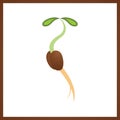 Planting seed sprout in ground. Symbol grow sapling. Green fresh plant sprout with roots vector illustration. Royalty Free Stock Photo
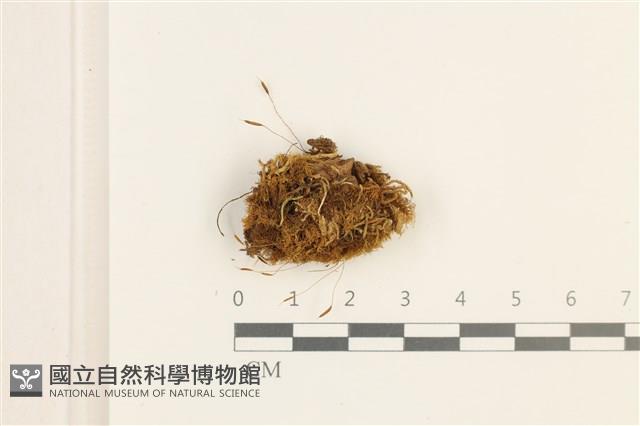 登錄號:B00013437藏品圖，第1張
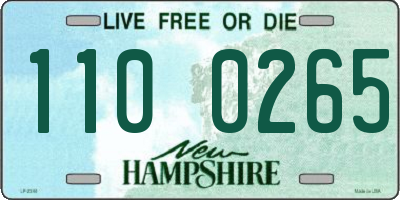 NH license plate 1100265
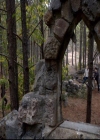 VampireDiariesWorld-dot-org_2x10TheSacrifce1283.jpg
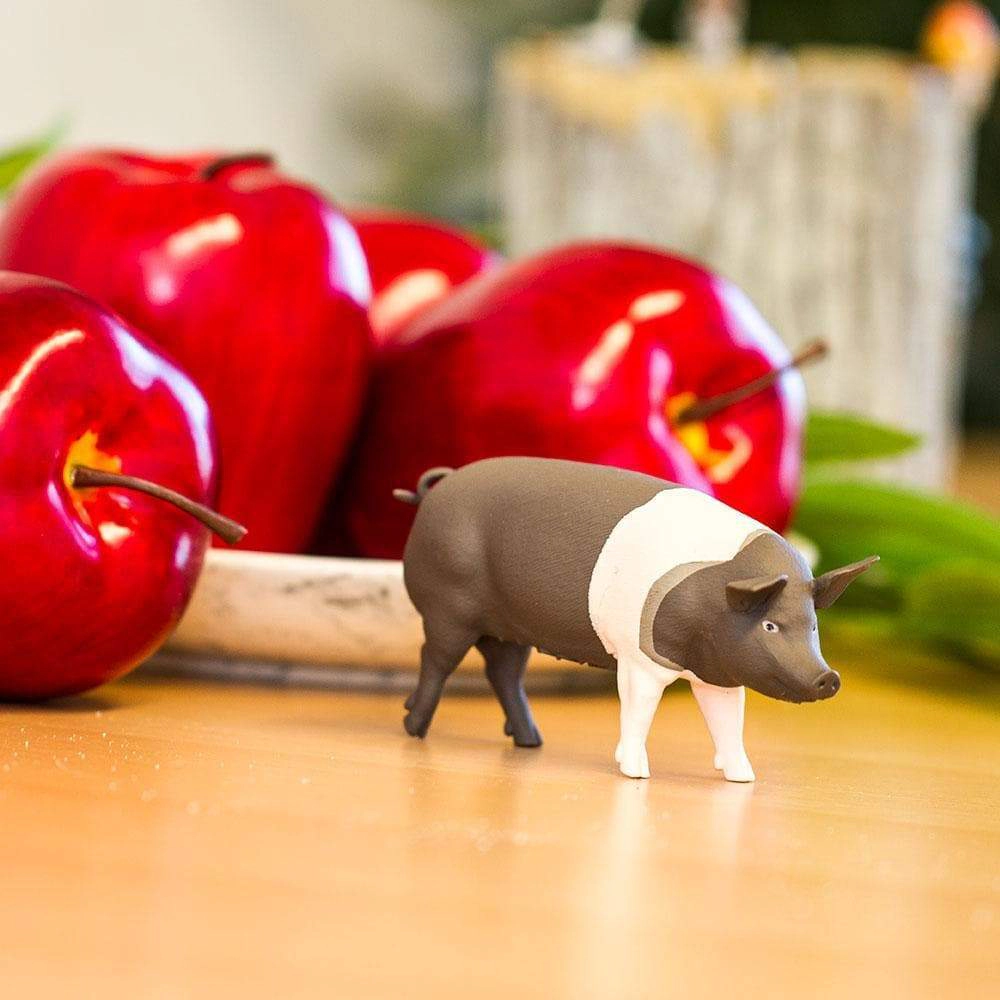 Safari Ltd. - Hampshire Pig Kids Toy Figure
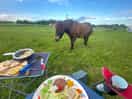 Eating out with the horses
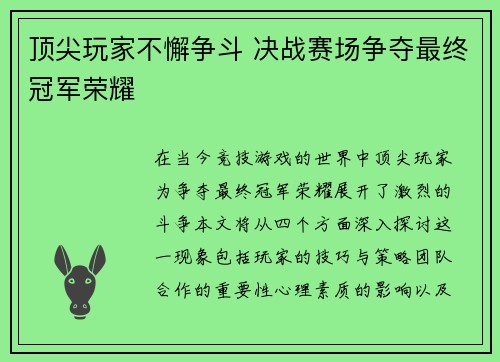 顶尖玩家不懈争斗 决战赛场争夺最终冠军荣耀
# # # # #
**Problem to solve**
Pictures should be left out when the records above are restated exactly.

**Written response**
 Planting seed sprout in ground. Symbol grow sapling. Green fresh plant sprout with roots vector illustration. Royalty Free Stock Photo
 登錄號:B00013437藏品圖，第1張
 NH license plate 1100265
 VampireDiariesWorld-dot-org_2x10TheSacrifce1283.jpg
 Safari Ltd. - Hampshire Pig Kids Toy Figure
 Eating out with the horses
 顶尖玩家不懈争斗 决战赛场争夺最终冠军荣耀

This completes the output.